Apresiasi Nazeef, Haji Oma Dorong Ekosistem Olahraga Usia Dini di Karawang

|

GUGAH – Wakil Ketua I DPRD Kabupaten Karawang H. Oma Miharja Rizki, S.H., M.H., memberikan apresiasi mendalam terhadap prestasi yang diraih Nazeef Khan Raziq Ithar Mandalika, siswa SD Abata Telukjambe yang menunjukkan potensi luar biasa dalam sepak bola usia dini.

Bagi Haji Oma, pencapaian ini bukan sekadar kebanggaan pribadi, melainkan cerminan potensi besar yang dimiliki anak-anak Karawang dan sekaligus pengingat akan pentingnya pembinaan sejak usia dini.

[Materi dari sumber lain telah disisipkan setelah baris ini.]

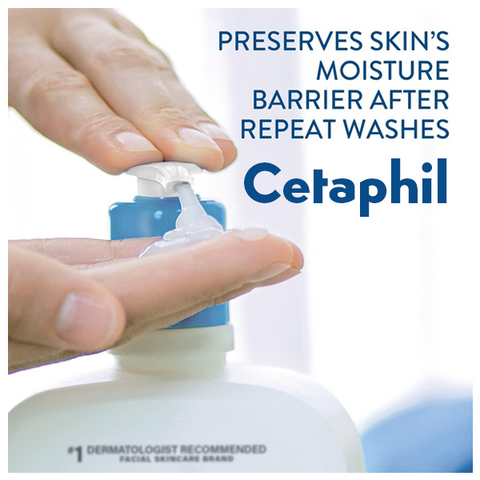 Cetaphil Gentle Skin Cleanser 236ml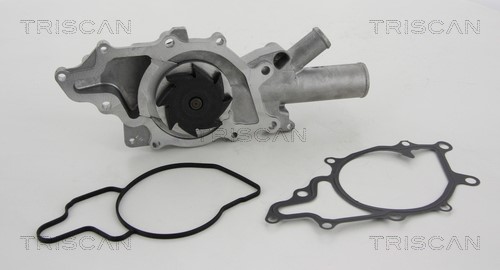 Water Pump, engine cooling TRISCAN 860023053 2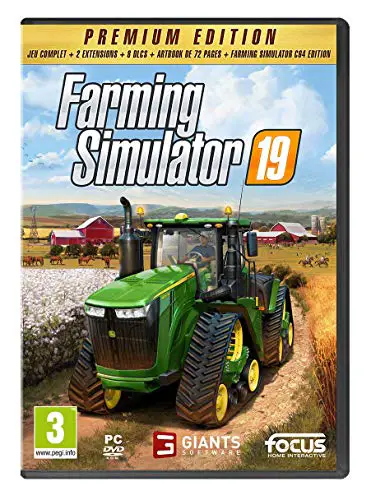 Farming Simulator 19 - Edición Premium ...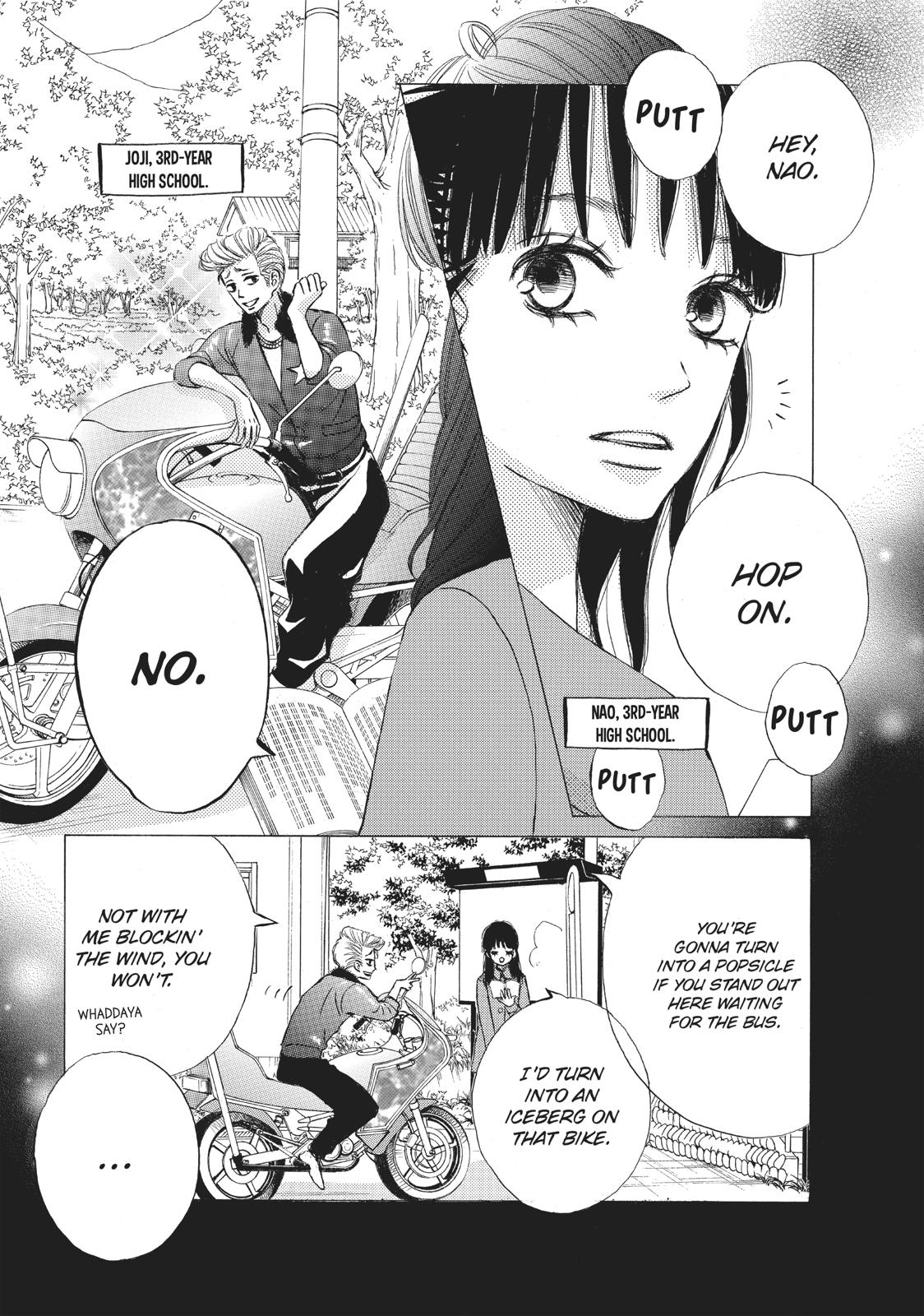 Ao Natsu Chapter 22 page 14 - Chapter 22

“Saya mengucapkan selamat dan memberikan apresiasi kepada Nazeef atas prestasi yang diraih. Teruslah belajar, berlatih, disiplin dan jangan pernah takut memiliki cita-cita besar. Semoga prestasi ini menjadi awal perjalanan untuk meraih prestasi yang lebih tinggi,” ujar Haji Oma, kepada awak media, belum lama ini.

Haji Oma menegaskan bahwa olahraga tidak hanya berbicara soal kemenangan, medali, atau piala. Lebih dari itu, aktivitas olahraga adalah sarana pendidikan karakter yang sangat berharga bagi anak-anak. Dalam proses latihan maupun pertandingan, anak belajar tentang kedisiplinan, kerja keras, sportivitas, tanggung jawab, kebersamaan, serta rasa hormat kepada rekan dan lawan.

Baca Juga:  Sayembara Tangkap Begal Tuai Kekhawatiran, Dua Remaja Tak Bersalah Dikeroyok Massa di Karawang

“Olahraga mengajarkan anak untuk disiplin, bekerja keras, menghargai proses dan menjunjung sportivitas. Nilai-nilai seperti inilah yang harus kita tanamkan sejak usia dini karena mereka merupakan generasi penerus Karawang,” ujarnya.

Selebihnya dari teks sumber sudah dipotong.